After a short walk my parents left Chris and I to explore the craters to our heart’s content, while they had an afternoon nap and non-alcoholic beer (you can only buy alcoholic beverages in Iceland at special state-run liquor stores so grocery stores sell beer sans alcohol) on the RV kitchen table that transforms into a bed.
We were all getting tired at this point, so we made only one more stop on our way to Akureyri. What’s worth stopping for on a road trip when everyone is getting tired and just wants to get to the final destination? Ice cream of course!
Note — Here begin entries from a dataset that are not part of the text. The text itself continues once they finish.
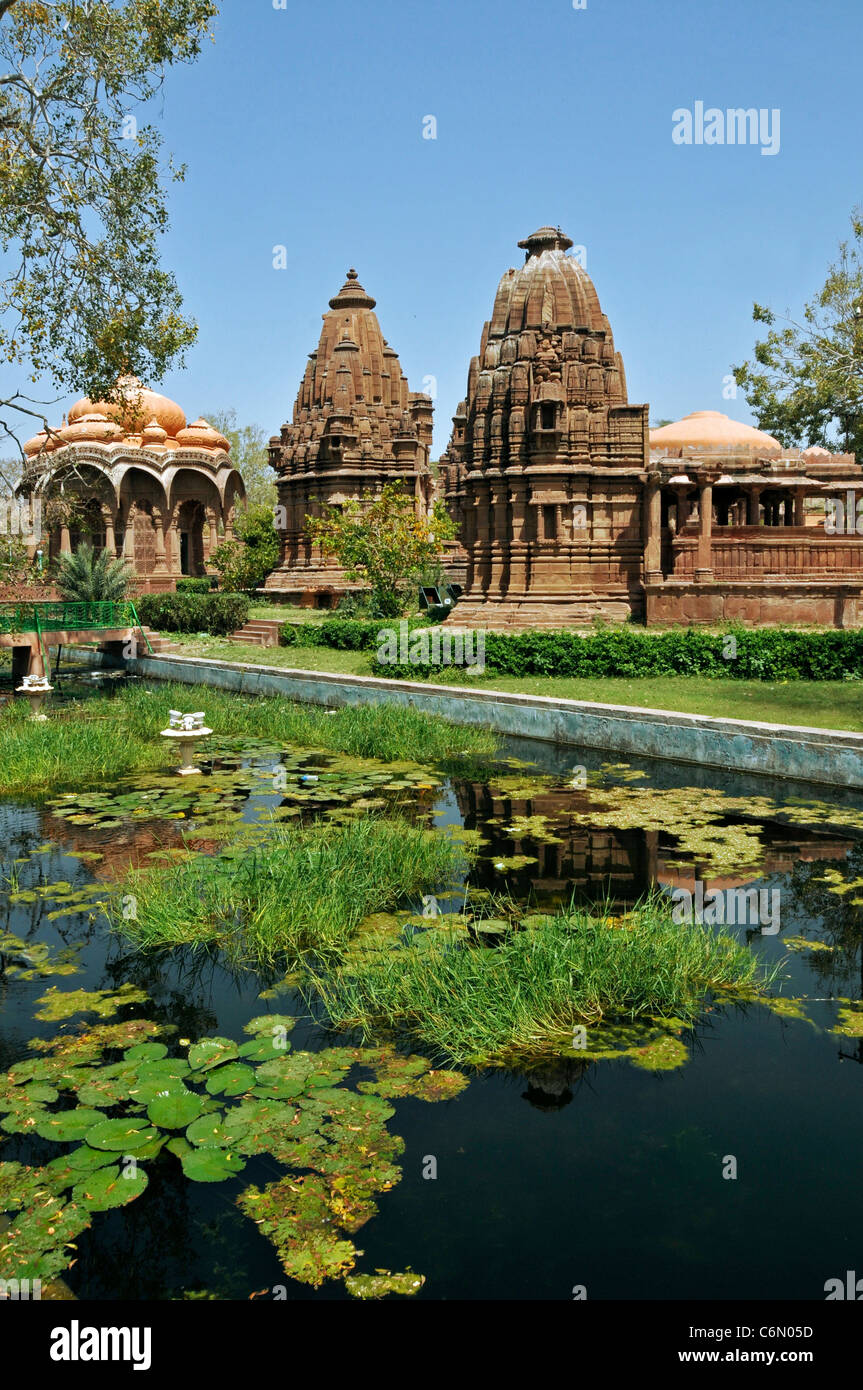 Hindu temples hi-res stock photography and images - Alamy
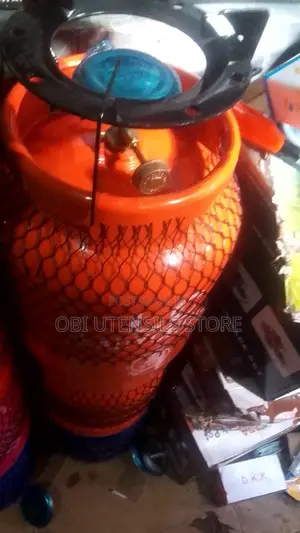 Gas Cylinders And Accessories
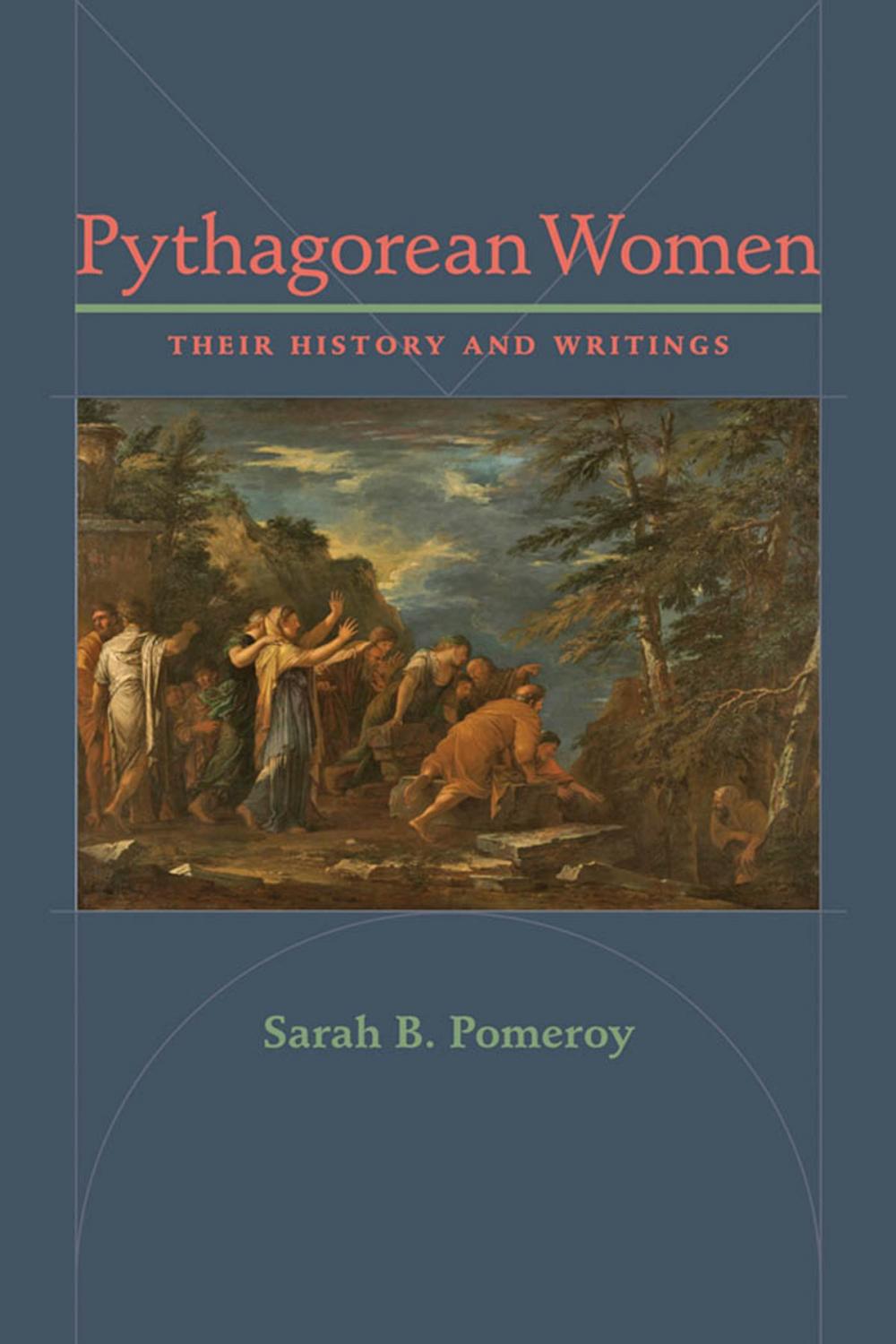 Big bigCover of Pythagorean Women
Ok, we actually stopped to see the awe-inspiring “Waterfall of the Gods” or Goðafoss — the Niagara Falls of Northern Iceland — but there was also ice cream at the little gas station store by the parking lot.
Goðafoss got its name from an Icelandic legend that says when the head of the pagan church and Icelandic’s ancient parliament made the decision to switch the country to Christianity in order to avoid bloodshed over the two religions, he threw the idols of the Norse gods into this waterfall on his journey home. I personally think it must also be called the “Waterfall of the Gods” because it’s one of the most beautiful waterfalls in Iceland.
Ice cream and rainbows in the fine mist of Goðafoss’s turbulent waters made for the perfect end to day five of our trip around the Ring Road. It wasn’t long after Goðafoss that we reached our campground outside of Akureyri and settled down in a grassy glen on the slope of the peaks surrounding the fjord. It was a bittersweet end to an amazing day — bittersweet because we knew that day six would be our last day RV’ing around Iceland.